TASK PROMPT: A single number is needed: how many lines of the data hold the word "Smiling".

MATERIAL PROVIDED:
****

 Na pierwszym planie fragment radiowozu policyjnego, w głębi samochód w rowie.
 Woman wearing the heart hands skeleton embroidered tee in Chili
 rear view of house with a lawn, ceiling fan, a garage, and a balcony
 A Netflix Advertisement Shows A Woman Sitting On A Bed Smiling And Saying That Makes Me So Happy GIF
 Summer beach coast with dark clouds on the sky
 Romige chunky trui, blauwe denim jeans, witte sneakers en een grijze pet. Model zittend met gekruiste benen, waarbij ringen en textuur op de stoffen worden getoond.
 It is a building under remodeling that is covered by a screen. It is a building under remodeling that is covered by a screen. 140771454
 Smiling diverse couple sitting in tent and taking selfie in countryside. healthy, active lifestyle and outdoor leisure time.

****

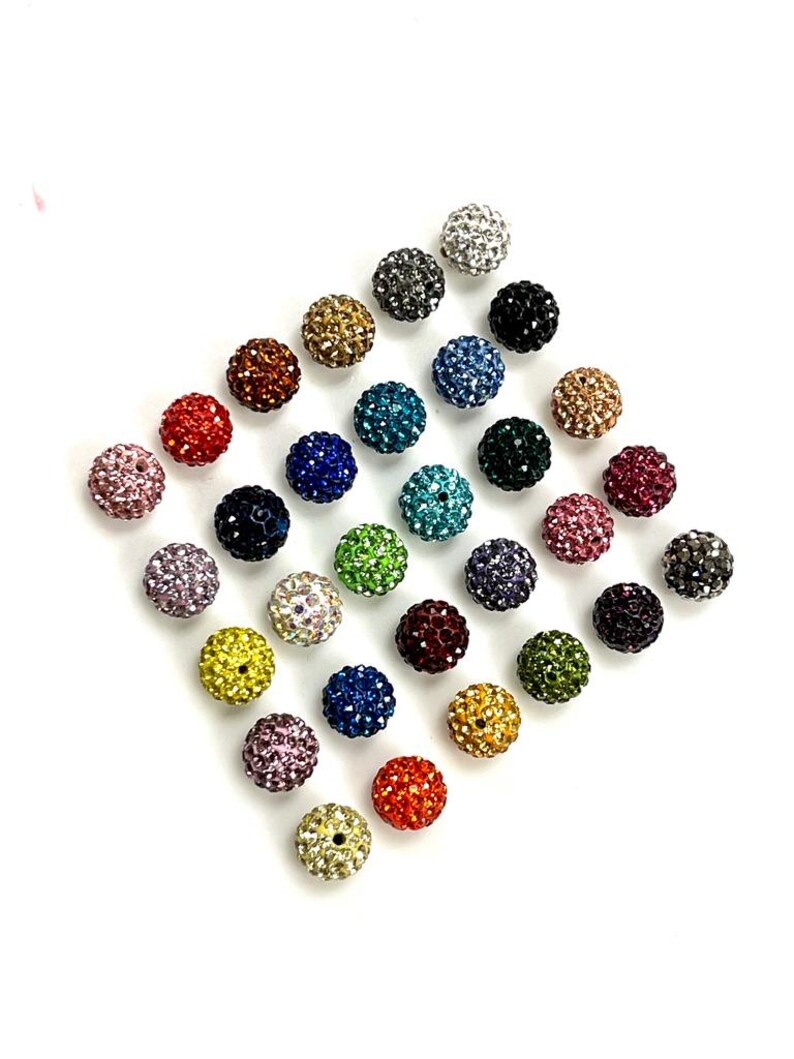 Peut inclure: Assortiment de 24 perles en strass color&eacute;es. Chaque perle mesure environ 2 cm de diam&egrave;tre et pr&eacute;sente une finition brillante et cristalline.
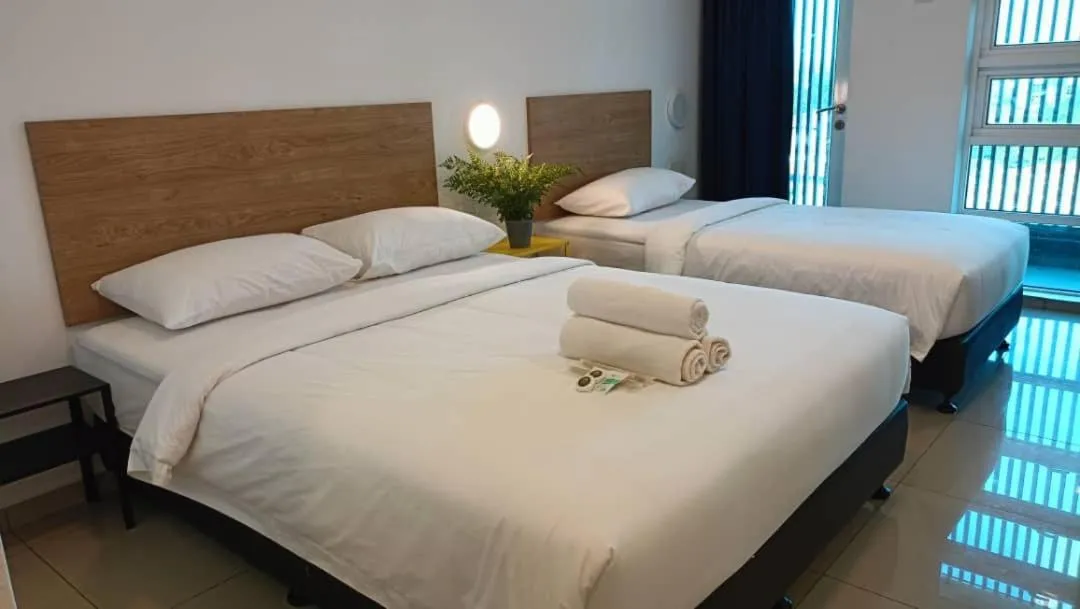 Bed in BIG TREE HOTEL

****

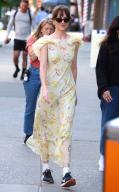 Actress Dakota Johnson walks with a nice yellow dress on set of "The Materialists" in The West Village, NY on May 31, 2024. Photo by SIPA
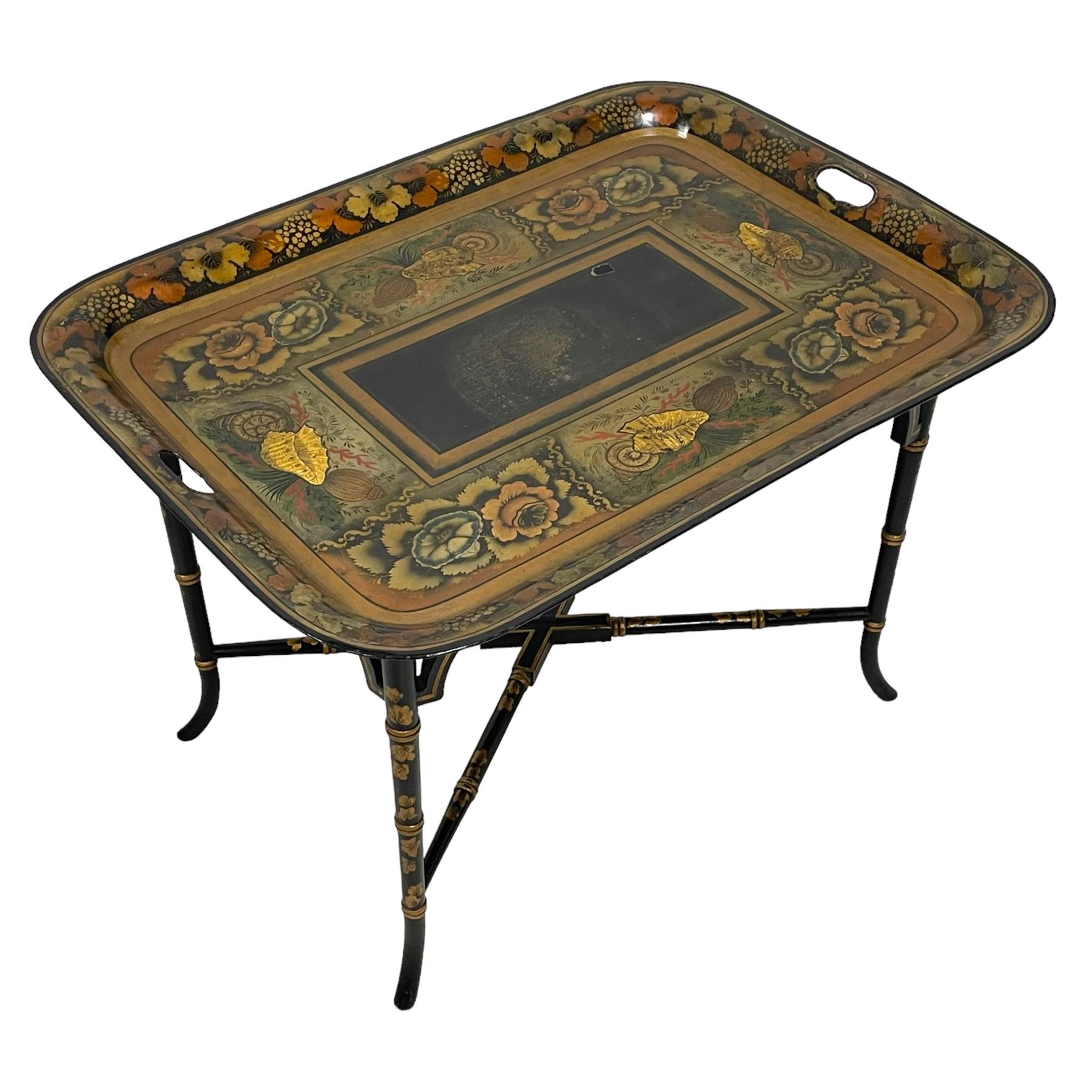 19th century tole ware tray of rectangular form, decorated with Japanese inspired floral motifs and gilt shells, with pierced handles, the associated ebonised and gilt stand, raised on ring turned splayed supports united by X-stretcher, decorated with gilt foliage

****

COMPLETED TASK: 2